**Data for this exercise**

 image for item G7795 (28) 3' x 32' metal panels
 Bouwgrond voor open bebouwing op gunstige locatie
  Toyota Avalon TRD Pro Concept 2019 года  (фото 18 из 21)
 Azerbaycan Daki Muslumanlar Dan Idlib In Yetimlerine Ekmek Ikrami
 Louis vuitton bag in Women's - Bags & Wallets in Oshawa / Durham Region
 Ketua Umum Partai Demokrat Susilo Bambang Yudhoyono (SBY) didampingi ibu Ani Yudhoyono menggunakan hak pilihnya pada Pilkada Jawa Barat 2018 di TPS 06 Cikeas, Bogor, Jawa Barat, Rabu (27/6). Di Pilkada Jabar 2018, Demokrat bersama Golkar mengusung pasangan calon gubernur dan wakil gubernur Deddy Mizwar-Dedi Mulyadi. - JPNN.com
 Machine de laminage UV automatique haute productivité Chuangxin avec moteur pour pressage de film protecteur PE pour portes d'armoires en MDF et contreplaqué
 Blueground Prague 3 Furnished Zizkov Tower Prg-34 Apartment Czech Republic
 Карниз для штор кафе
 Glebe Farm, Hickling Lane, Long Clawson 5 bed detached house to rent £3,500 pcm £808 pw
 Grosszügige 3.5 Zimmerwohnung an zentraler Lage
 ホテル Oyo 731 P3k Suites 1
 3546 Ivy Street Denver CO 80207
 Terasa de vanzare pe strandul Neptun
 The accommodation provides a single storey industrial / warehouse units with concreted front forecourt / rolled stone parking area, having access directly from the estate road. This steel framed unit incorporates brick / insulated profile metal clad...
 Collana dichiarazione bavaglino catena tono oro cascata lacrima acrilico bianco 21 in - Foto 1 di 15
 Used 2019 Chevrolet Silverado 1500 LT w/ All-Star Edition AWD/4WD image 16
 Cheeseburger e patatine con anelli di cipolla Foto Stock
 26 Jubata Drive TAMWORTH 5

**Task description**
What lines in the material above hold the string "metal"? List them.

**Answer for the task**
 image for item G7795 (28) 3' x 32' metal panels
 The accommodation provides a single storey industrial / warehouse units with concreted front forecourt / rolled stone parking area, having access directly from the estate road. This steel framed unit incorporates brick / insulated profile metal clad...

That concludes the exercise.